Migration Guide#

Migrating from 1.3 to 2.0#

Audio2Face-3D NIM v2.0 introduces significant changes to the deployment-time configuration file schemas and adds support for diffusion-based animation models. Configuration files from v1.3 are not directly compatible with v2.0 and require manual migration.

For the updated default configuration files and examples, refer to Audio2Face-3D NIM Container Deployment and Configuration Guide.

Stylization Configuration Changes#

The a2f section structure has been modernized:

Old format (v1.3):

a2f:
  inference_model_id: claire_v2.3
  blendshape_id: claire_topo1_v2.1
  tongue_blendshape_id: claire_tongue_v1.0
  enable_tongue_blendshapes: true

New format (v2.0):

a2f:
  # regression / diffusion
  inference_type: regression

  regression_model:
    inference_model_id: claire_v2.3.1

  diffusion_model:
    inference_model_id: multi_v3.2
    identity: claire
    constant_noise: true

  enable_tongue_blendshapes: true

Key Changes#

New inference type selector: The inference_type field selects between regression (fast, deterministic) and diffusion (higher quality, more expressive) animation modes.
Nested model configuration: Model IDs are now specified under regression_model and diffusion_model sections instead of at the top level of a2f.
Removed fields: blendshape_id and tongue_blendshape_id are no longer used.
Updated model versions: Regression models updated to claire_v2.3.1, james_v2.3.1, mark_v2.3. The new diffusion model is multi_v3.2.

New tongue parameters in face_params: Added tongue_strength, tongue_height_offset, and tongue_depth_offset to control tongue animation.

face_params:
  # ... existing params ...
  tongue_strength: 1.3
  tongue_height_offset: 0.0
  tongue_depth_offset: 0.0

Extended tongue blendshapes: Added 16 new tongue blendshapes to blendshape_params sections (weight_multipliers, weight_offsets, active_poses, cancel_poses, symmetry_poses):
- TongueTipUp, TongueTipDown, TongueTipLeft, TongueTipRight
- TongueRollUp, TongueRollDown, TongueRollLeft, TongueRollRight
- TongueUp, TongueDown, TongueLeft, TongueRight
- TongueIn, TongueStretch, TongueWide, TongueNarrow

New blendshape streaming controls in advanced_config.yaml: Added pipeline_parameters.burst_mode and pipeline_parameters.blendshape_streaming_fps to control how blendshapes are sent to the client.

pipeline_parameters:
  # Burst Mode: Send all frames as fast as possible (~20-30ms total)
  # WARNING: May cause AnimGraph buffer overflow and lip sync issues in Tokkio
  # Values: false = Rate-limited streaming (RECOMMENDED), true = Burst mode
  burst_mode: false

  # Streaming Frame Rate (only used when burst_mode = false)
  # Delay per frame = 1000 / blendshape_streaming_fps milliseconds
  # Recommended: 90 (Tokkio/Production), 120-240 (Low latency), 30-60 (Bandwidth-constrained)
  blendshape_streaming_fps: 90

GPU blendshape solver in advanced_config.yaml: Added a2f.use_gpu_solver option (default: true).
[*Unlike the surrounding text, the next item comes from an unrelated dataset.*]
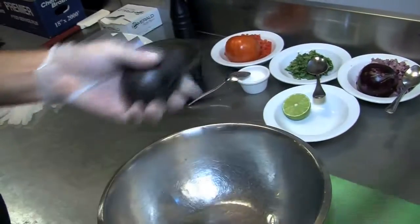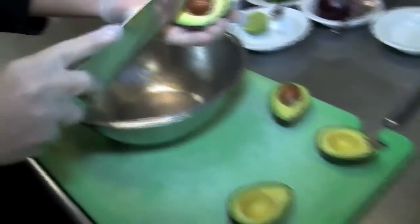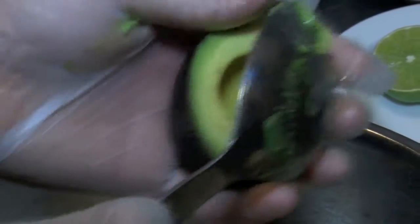For the guacamole we're going to use Hass avocados. We're going to cut them in half. We're going to use two this time — take the pit out and spread it with a knife. Then we're going to use a spoon to scoop it out of the shell.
When enabled, blendshape solving runs entirely on GPU, improving performance by avoiding CPU-GPU data transfers.

Migration Steps#

Replace the top-level inference_model_id, blendshape_id, and tongue_blendshape_id fields with the new nested regression_model and diffusion_model sections.
Add the inference_type field set to regression (or diffusion if using the new diffusion model).
Update the model version in regression_model.inference_model_id (e.g., claire_v2.3 → claire_v2.3.1).
Add the diffusion_model section with inference_model_id: multi_v3.2 and the appropriate identity.
Add tongue parameters to face_params if tongue animation control is desired.
Add the 16 new tongue blendshapes to all blendshape_params subsections if custom blendshape tuning is used.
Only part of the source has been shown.